- TASK STATEMENT
In how many lines of the records does the word "Nike" appear? Reply with the number and nothing else.

──────── SUPPLIED DATA ────────

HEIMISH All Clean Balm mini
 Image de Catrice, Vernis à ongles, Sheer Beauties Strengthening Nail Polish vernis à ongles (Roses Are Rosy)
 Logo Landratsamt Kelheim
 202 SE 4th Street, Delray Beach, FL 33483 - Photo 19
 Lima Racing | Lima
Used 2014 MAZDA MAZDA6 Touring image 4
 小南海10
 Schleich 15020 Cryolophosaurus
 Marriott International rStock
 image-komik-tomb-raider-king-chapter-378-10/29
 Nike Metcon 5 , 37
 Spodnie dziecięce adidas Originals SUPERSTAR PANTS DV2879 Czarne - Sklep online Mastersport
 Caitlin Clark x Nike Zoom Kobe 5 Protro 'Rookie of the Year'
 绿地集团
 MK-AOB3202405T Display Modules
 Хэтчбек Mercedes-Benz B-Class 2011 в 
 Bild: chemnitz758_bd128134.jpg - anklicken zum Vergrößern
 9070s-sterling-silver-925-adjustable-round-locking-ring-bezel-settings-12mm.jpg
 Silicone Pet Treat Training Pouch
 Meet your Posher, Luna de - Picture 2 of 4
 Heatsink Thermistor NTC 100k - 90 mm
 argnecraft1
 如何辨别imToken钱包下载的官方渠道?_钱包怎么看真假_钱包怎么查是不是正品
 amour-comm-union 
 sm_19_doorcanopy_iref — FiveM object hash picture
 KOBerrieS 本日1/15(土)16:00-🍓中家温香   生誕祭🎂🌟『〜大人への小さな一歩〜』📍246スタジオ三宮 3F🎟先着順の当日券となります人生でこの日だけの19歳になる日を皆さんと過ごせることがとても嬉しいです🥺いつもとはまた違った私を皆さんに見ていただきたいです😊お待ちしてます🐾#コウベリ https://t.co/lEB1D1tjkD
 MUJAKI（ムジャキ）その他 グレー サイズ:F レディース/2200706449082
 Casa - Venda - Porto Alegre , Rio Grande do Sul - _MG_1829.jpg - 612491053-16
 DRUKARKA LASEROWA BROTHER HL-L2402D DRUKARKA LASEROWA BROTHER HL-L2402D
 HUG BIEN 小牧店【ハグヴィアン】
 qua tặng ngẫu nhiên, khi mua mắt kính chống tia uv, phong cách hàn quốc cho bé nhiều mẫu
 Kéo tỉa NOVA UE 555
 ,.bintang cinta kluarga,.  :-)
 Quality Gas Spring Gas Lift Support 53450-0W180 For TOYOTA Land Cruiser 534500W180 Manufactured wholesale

────────

- ANSWER SPACE
2